The wait is over. Feast your eyes upon the cover for and an exclusive excerpt from Robin LaFevers’ Igniting Darkness, the second and final book in the Courting Darkness duology!

If you’ve been eagerly anticipating Igniting Darkness and waiting on the edge of your seat to learn what happens to Genevieve and Sybella (especially when it comes time for the two of them to meet), never fear. This excerpt gives a glimpse into the long-awaited first meeting between the two assassin nuns and… well… it’s more than a little charged.

And the cover? Well, it’s truly what pulls this whole thing together. It perfectly compliments the Courting Darkness cover while also making a splash all its own.

Igniting Darkness may not hit bookshelves until next summer, but hopefully this cover reveal and excerpt will help tide you over until then!

Here’s the striking new cover for Robin LaFevers’ ‘Igniting Darkness’!

If the bright and beautiful new Igniting Darkness cover (created by Billelis) is any indication of how fantastic the second novel in the Courting Darkness duology will be, YA fantasy fans everywhere will be more than pleased.

But don’t take our word for it. Here’s what author Robin LaFevers has to say about the gorgeous Igniting Darkness cover.

“I am wildly in love with this cover for Igniting Darkness. When the design team started brainstorming cover ideas, the minute this one came up, it felt like The One. And wow, did they deliver on the concept!

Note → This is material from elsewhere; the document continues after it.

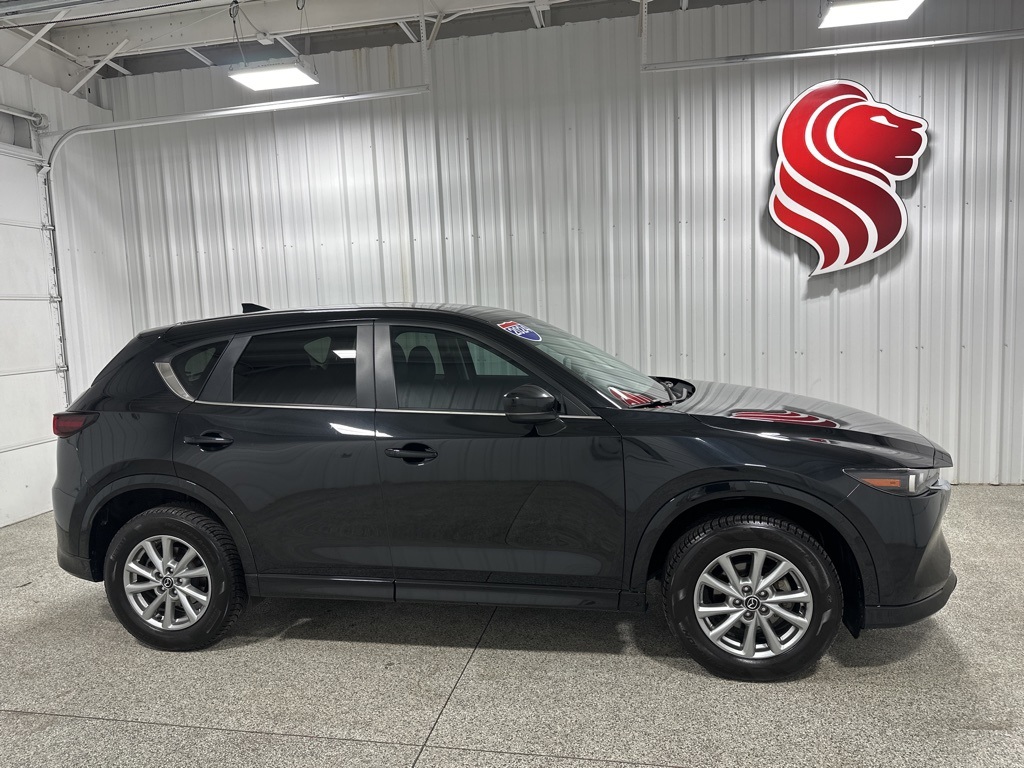 2024 Mazda CX-5 S Preferred package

It is not only gorgeous, thematically on point, and eye-catching, as all good covers should be—but so dynamic. Especially when paired with the cover for the first book in the duology, Courting Darkness. The visuals perfectly encapsulate the nature of the two main characters’ journeys, which is learning to embrace the incandescent nature of feminine rage and use it to build the lives they want—in 15th century France, no less!

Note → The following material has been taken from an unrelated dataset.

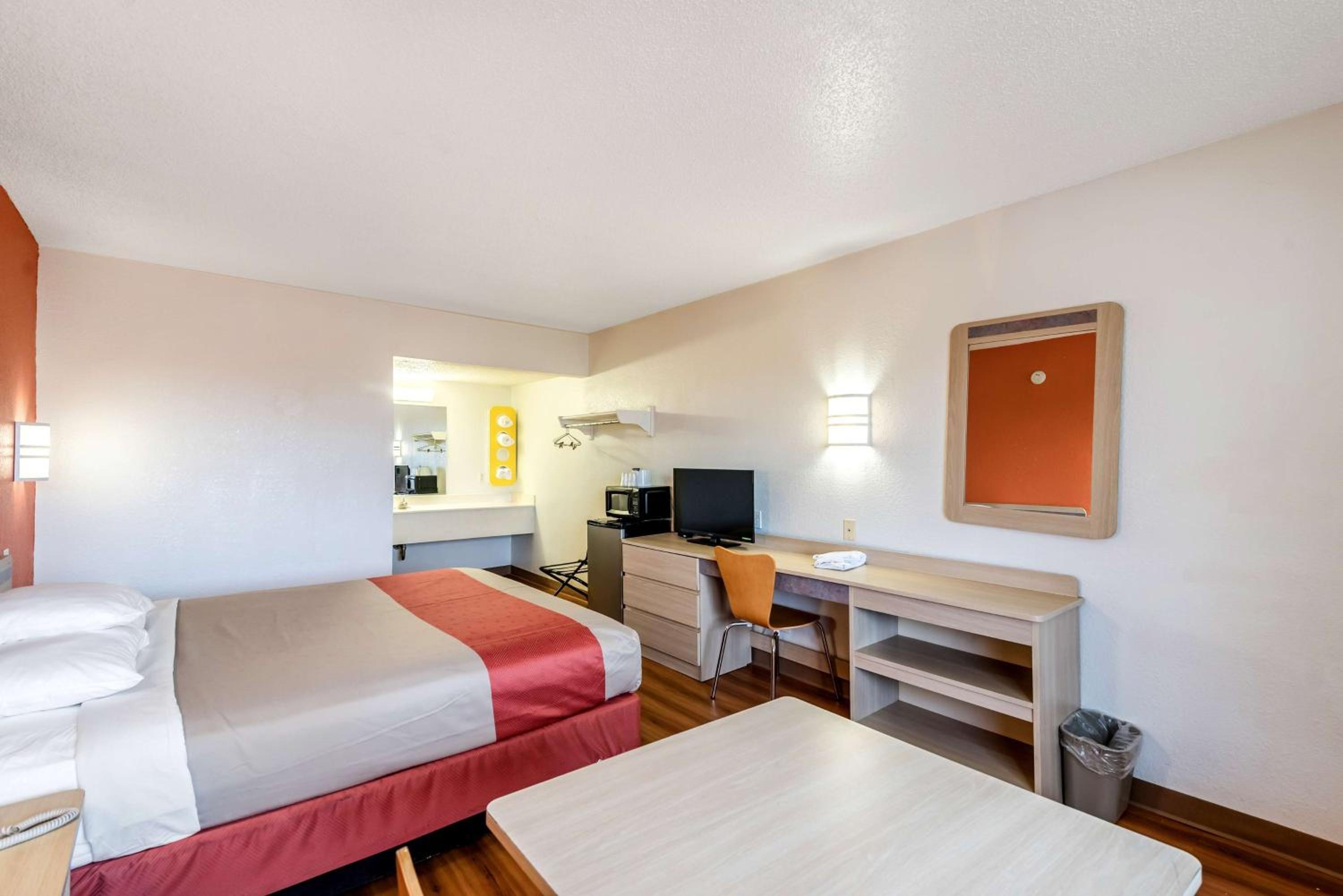 Oxford Vacations - Motel 6-Anniston, AL - Property Image 21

Unfortunately, I think many women can relate to the desire to burn it all—whether ‘it’ refers to societal or cultural limitations, the patriarchy, the status quo, or whatever else they feel is holding them back.”

Can’t get enough? Check out this exclusive excerpt!

GENEVIEVE

January 1490, Plessis-Les-Tours, France

Whether one is raised at a convent that serves Death or in a tavern room filled with whores, there is one lesson that always applies: There is no room for mistakes. The wrong amount of poison, the incorrect angle of the knife, poor aim, or a false gesture when pretending to be someone else—can result in disaster, if not death.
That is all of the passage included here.